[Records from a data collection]
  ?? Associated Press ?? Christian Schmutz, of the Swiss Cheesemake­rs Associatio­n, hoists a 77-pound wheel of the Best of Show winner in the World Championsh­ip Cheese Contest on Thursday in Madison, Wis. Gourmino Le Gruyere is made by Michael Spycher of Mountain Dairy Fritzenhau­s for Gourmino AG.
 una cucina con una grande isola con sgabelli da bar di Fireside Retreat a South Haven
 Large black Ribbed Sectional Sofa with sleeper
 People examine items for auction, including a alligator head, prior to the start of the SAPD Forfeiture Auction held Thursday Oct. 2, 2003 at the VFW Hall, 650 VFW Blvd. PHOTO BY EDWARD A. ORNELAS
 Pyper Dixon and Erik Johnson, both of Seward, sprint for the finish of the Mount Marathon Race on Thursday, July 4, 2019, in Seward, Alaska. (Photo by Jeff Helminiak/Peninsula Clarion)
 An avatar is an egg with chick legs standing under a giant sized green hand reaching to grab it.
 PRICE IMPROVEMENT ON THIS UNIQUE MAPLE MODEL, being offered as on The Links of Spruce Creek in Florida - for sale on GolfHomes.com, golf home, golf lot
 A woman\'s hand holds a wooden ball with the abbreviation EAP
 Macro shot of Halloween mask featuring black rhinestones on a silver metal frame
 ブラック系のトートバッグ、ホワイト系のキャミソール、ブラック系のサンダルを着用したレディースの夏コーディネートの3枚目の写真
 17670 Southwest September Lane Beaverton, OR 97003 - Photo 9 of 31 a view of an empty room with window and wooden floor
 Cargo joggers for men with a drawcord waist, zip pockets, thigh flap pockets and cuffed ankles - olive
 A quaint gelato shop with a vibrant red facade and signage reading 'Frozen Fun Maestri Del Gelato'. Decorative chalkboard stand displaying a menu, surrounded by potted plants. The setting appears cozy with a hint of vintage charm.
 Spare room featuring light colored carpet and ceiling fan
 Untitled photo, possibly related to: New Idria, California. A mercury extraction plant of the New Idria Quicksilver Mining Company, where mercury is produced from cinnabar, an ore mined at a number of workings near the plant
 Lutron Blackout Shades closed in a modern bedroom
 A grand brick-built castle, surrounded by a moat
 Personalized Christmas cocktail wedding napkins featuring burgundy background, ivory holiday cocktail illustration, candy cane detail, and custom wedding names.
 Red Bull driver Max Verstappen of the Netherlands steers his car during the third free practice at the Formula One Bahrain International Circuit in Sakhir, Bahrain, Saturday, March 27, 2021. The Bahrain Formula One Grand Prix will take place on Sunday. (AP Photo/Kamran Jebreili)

* **TASK INSTRUCTIONS**
What the answer needs is every line from the data above with "Thursday" in it.

* **YOUR RESPONSE**
  ?? Associated Press ?? Christian Schmutz, of the Swiss Cheesemake­rs Associatio­n, hoists a 77-pound wheel of the Best of Show winner in the World Championsh­ip Cheese Contest on Thursday in Madison, Wis. Gourmino Le Gruyere is made by Michael Spycher of Mountain Dairy Fritzenhau­s for Gourmino AG.
 People examine items for auction, including a alligator head, prior to the start of the SAPD Forfeiture Auction held Thursday Oct. 2, 2003 at the VFW Hall, 650 VFW Blvd. PHOTO BY EDWARD A. ORNELAS
 Pyper Dixon and Erik Johnson, both of Seward, sprint for the finish of the Mount Marathon Race on Thursday, July 4, 2019, in Seward, Alaska. (Photo by Jeff Helminiak/Peninsula Clarion)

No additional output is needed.